Reproduce exactly the line with "The pectoralis major is" and every line that follows it below, up to and including the last one. Do not include pictures or anything else.

**DATA EXCERPTS:**
·····

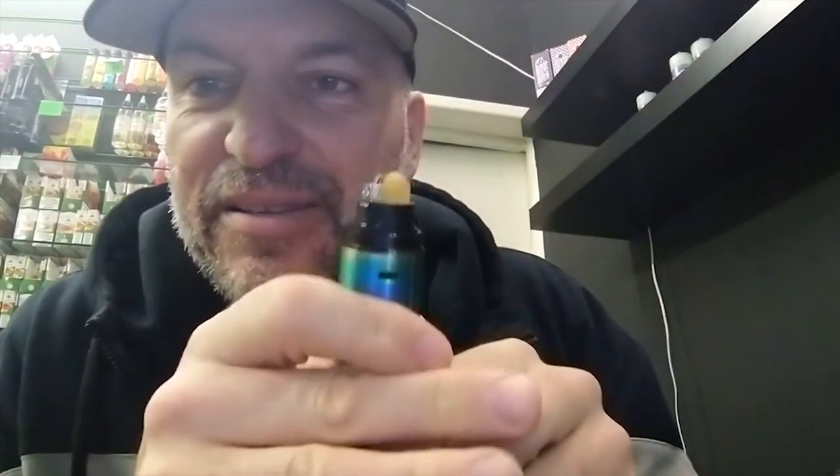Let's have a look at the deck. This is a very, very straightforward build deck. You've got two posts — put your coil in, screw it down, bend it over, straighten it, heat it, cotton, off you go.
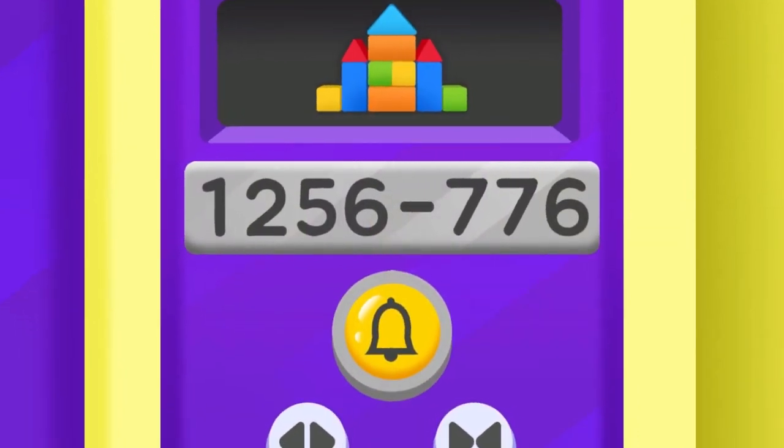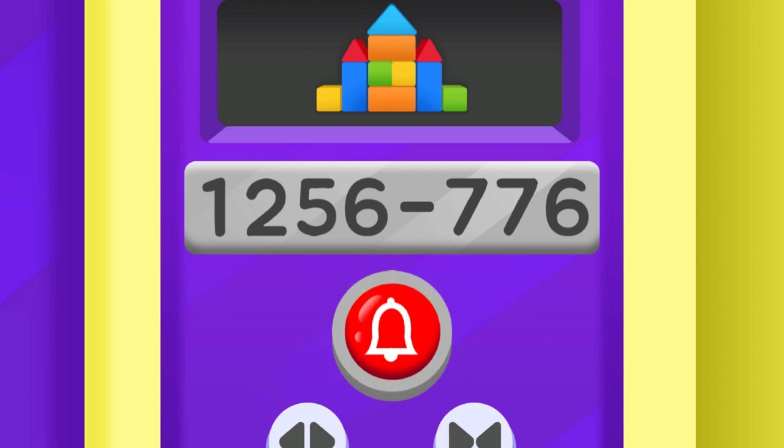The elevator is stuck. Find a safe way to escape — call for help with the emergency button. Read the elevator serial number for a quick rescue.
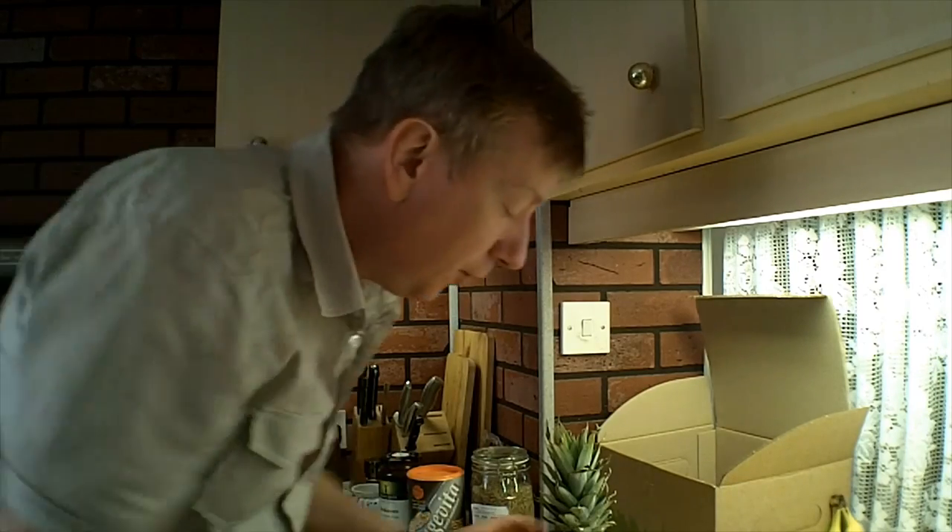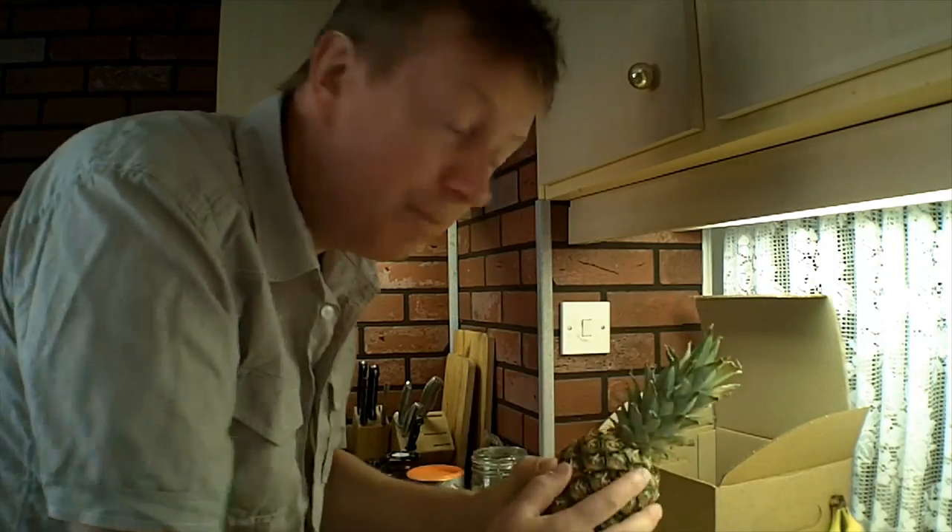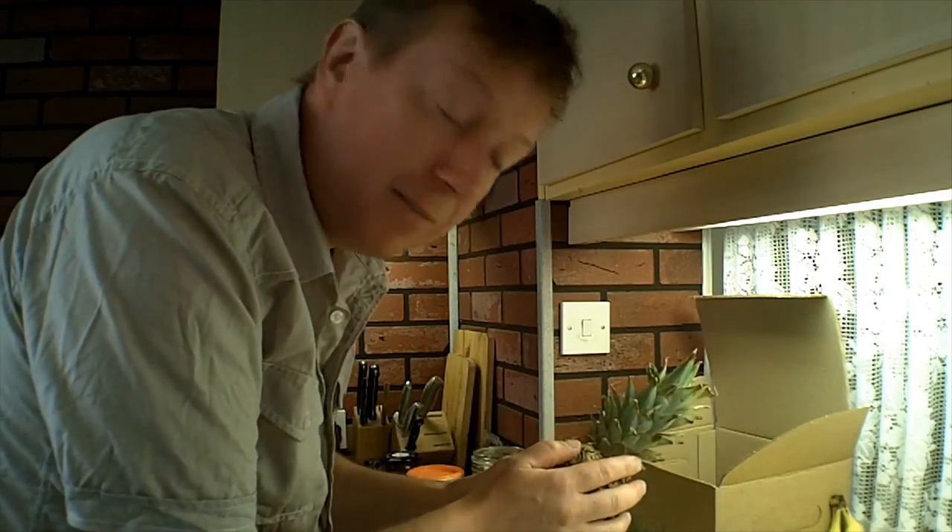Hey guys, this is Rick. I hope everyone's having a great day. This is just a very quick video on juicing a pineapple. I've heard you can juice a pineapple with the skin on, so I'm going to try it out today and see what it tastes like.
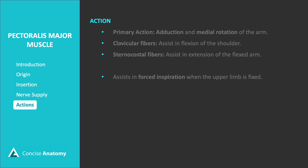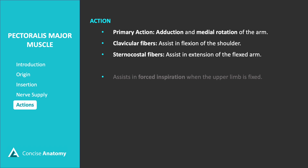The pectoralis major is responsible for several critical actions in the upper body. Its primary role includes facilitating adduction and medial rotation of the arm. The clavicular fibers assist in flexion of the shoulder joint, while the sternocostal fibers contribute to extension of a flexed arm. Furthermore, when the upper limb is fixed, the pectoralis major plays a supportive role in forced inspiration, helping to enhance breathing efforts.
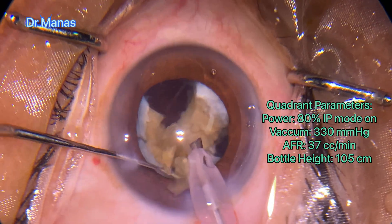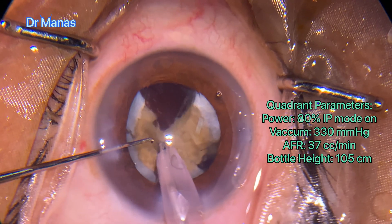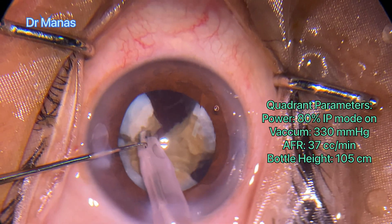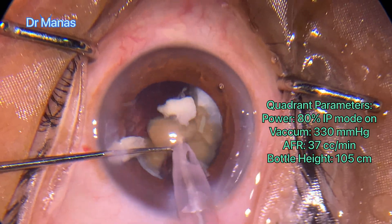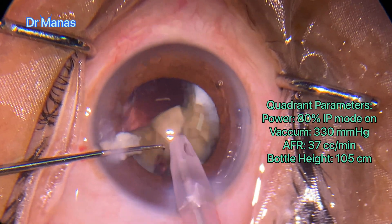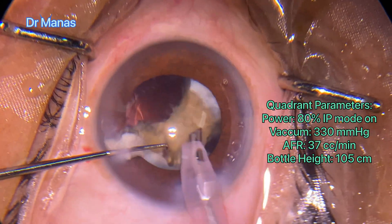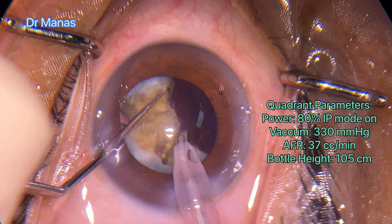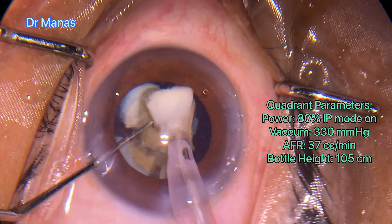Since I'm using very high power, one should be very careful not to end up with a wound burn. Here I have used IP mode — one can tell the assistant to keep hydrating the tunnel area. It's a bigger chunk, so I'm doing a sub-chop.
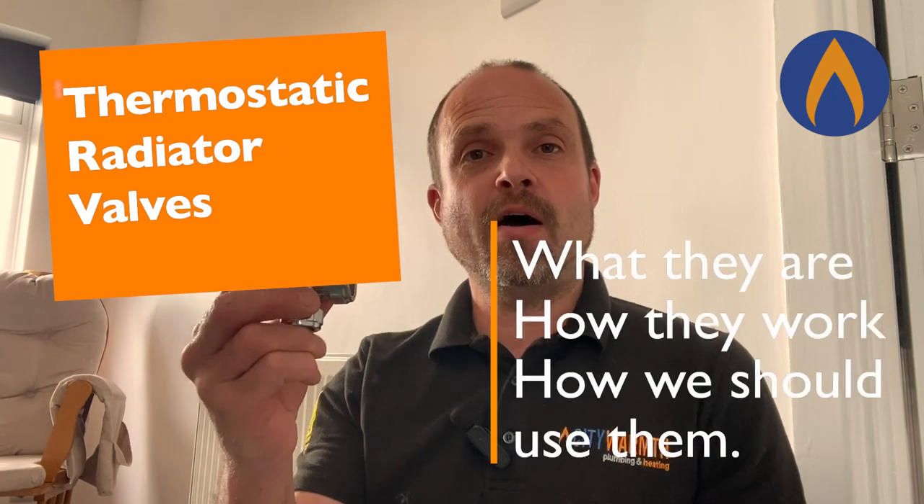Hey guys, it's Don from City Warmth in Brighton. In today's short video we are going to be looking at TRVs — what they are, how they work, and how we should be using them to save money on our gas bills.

·····

**ANSWER AREA:**
The pectoralis major is responsible for several critical actions in the upper body. Its primary role includes facilitating adduction and medial rotation of the arm. The clavicular fibers assist in flexion of the shoulder joint, while the sternocostal fibers contribute to extension of a flexed arm. Furthermore, when the upper limb is fixed, the pectoralis major plays a supportive role in forced inspiration, helping to enhance breathing efforts.
Since I'm using very high power, one should be very careful not to end up with a wound burn. Here I have used IP mode — one can tell the assistant to keep hydrating the tunnel area. It's a bigger chunk, so I'm doing a sub-chop.
Hey guys, it's Don from City Warmth in Brighton. In today's short video we are going to be looking at TRVs — what they are, how they work, and how we should be using them to save money on our gas bills.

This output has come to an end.